In STAT 110, the professor says "the Taylor series of $e^x$ converges everywhere, and then proceeds to convert:
$${e}^{t^2/2} = \sum_{i=0}^\infty \frac{{(t^2/2)}^n}{n!}$$
I understand that the Taylor series for
$$e^x = \sum_{i=0}^\infty \frac{x^n}{n!}$$
but I'm having trouble understanding how $e^{f(x)}$ would have the general form of $\sum_{i=0}^\infty \frac{{(f(x))}^n}{n!}$
Any help would be greatly appreciated, this is all very new to me.
Thanks!
You can read $e^x=\sum_{n=0}^\infty \frac{x^n}{n!}$ as saying that you can compute the exponential of anything by raising it to powers, dividing by $n!$, and summing. Whether the argument of the exponential comes to you as $x$ or as some function $f(x)$, it does not matter.

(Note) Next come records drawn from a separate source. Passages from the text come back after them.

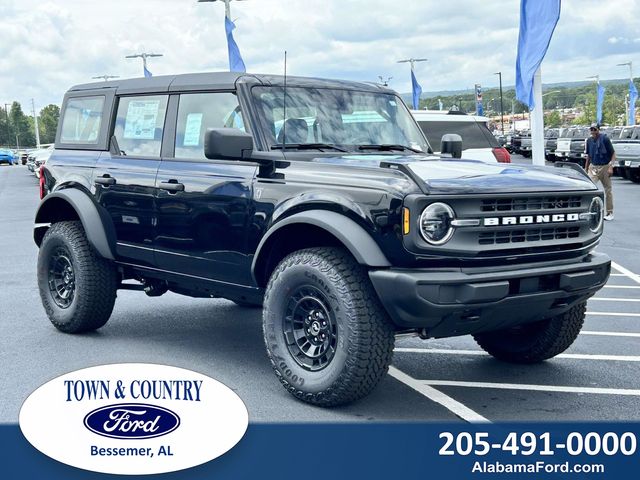 Shadow Black 2026 Ford Bronco SUV / Crossover Four-Wheel Drive Automatic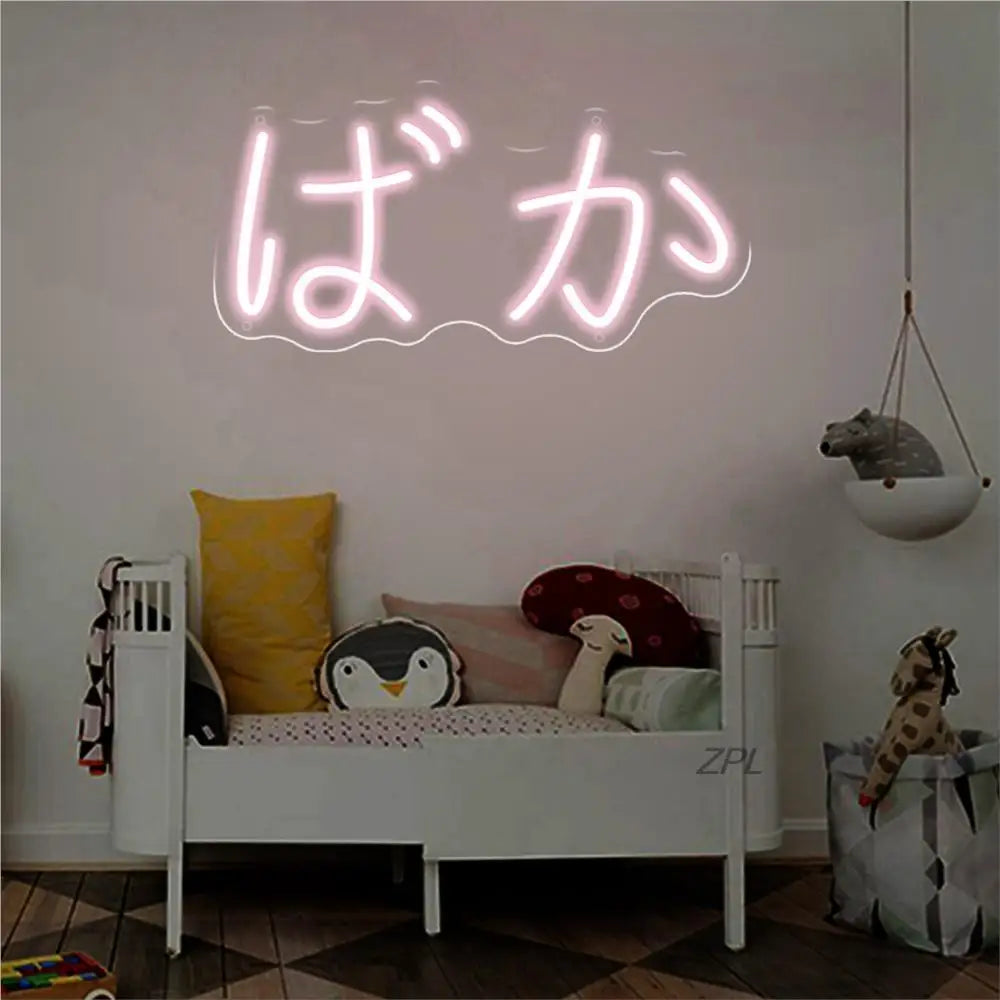 Installation du panneau LED néon avec prise USB dans un intérieur moderne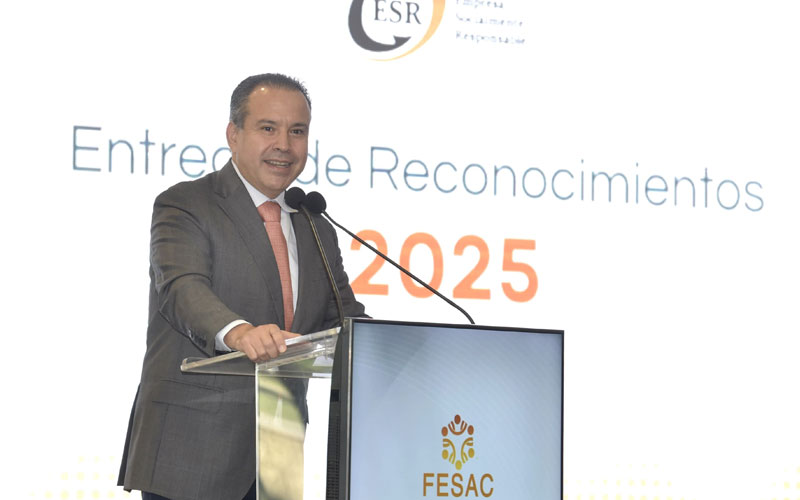 Toño
Astiazarán entrega distintivo de Empresa Socialmente Responsable a negocios de
Hermosillo y Sonora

One subtlety that you may not have noticed is that the series that you get might not be a Taylor series. When you replace $x=t^2/2$, you actually do get the Taylor series of $e^{t^2/2}$ at $t=0$. (This is not completely trivial, there is some "uniqueness of power series" going on here.) On the other hand, if you replace, say, $x=\sin(t)$ then it is not a Taylor series anymore.